12

Is get/put from a non-direct bytebuffer faster than get/put from direct bytebuffer ?

If I have to read / write from direct bytebuffer , is it better to first read /write in to a thread local byte array and then update ( for writes ) the direct bytebuffer fully with the byte array ?

Peter Lawrey
  • 525,659
  • 79
  • 751
  • 1,130
user882659
  • 161
  • 1
  • 9

2 Answers2

25

Is get/put from a non-direct bytebuffer faster than get/put from direct bytebuffer ?

If you are comparing heap buffer with direct buffer which does not use native byte order (most systems are little endian and the default for direct ByteBuffer is big endian), the performance is very similar.

If you use native ordered byte buffers the performance can be significantly better for multi-byte values. For byte it makes little difference no matter what you do.

In HotSpot/OpenJDK, ByteBuffer uses the Unsafe class and many of the native methods are treated as intrinsics. This is JVM dependent and AFAIK the Android VM treats it as an intrinsic in recent versions.

If you dump the assembly generated you can see the intrinsics in Unsafe are turned in one machine code instruction. i.e. they don't have the overhead of a JNI call.

In fact if you are into micro-tuning you may find that most of the time of a ByteBuffer getXxxx or setXxxx is spend in the bounds checking, not the actual memory access.

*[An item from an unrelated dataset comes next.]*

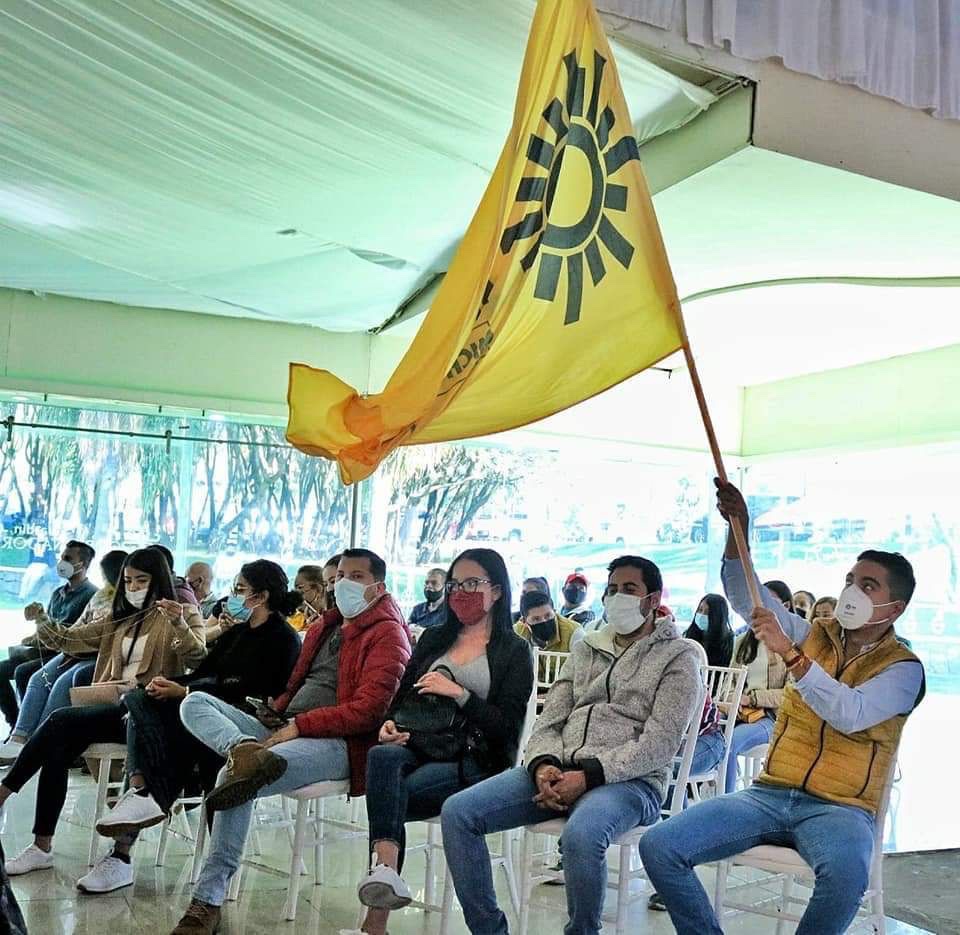 El PRD le apuesta al fortalecimiento de la estructura partidista desde los municipios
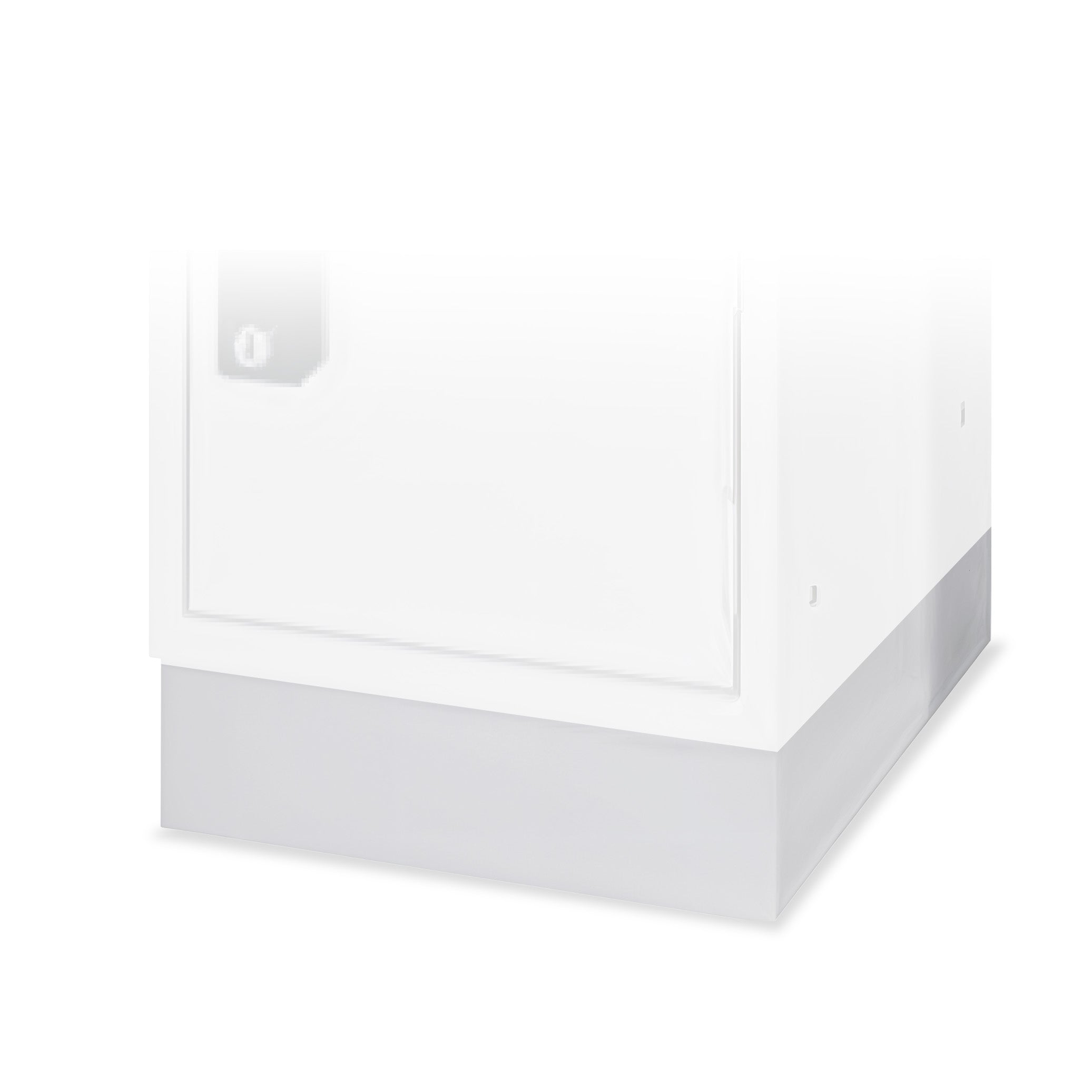 Sockel für Schließfachwürfel 303 × 294 × 80 mm, Lichtgrau – stabiler Unterbau für mehr Schutz & Komfort Sockel für Schließfachwürfel 448 × 448 × 80 mm, Lichtgrau – stabiler Unterbau für mehr Schutz & Komfort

For this reason I still use Unsafe directly when I have to for maximum performance (Note: this is discouraged by Oracle)

If I have to read / write from direct bytebuffer , is it better to first read /write in to a thread local byte array and then update ( for writes ) the direct bytebuffer fully with the byte array ?

I would hate to see what that is better than. ;) It sounds very complicated.

Often the simplest solutions are better and faster.


You can test this yourself with this code.

public static void main(String... args) {
    ByteBuffer bb1 = ByteBuffer.allocateDirect(256 * 1024).order(ByteOrder.nativeOrder());
    ByteBuffer bb2 = ByteBuffer.allocateDirect(256 * 1024).order(ByteOrder.nativeOrder());
    for (int i = 0; i < 10; i++)
        runTest(bb1, bb2);
}

private static void runTest(ByteBuffer bb1, ByteBuffer bb2) {
    bb1.clear();
    bb2.clear();
    long start = System.nanoTime();
    int count = 0;
    while (bb2.remaining() > 0)
        bb2.putInt(bb1.getInt());
    long time = System.nanoTime() - start;
    int operations = bb1.capacity() / 4 * 2;
    System.out.printf("Each putInt/getInt took an average of %.1f ns%n", (double) time / operations);
}

prints

Each putInt/getInt took an average of 83.9 ns
Each putInt/getInt took an average of 1.4 ns
Each putInt/getInt took an average of 34.7 ns
Each putInt/getInt took an average of 1.3 ns
Each putInt/getInt took an average of 1.2 ns
Each putInt/getInt took an average of 1.3 ns
Each putInt/getInt took an average of 1.2 ns
Each putInt/getInt took an average of 1.2 ns
Each putInt/getInt took an average of 1.2 ns
Each putInt/getInt took an average of 1.2 ns

I am pretty sure a JNI call takes longer than 1.2 ns.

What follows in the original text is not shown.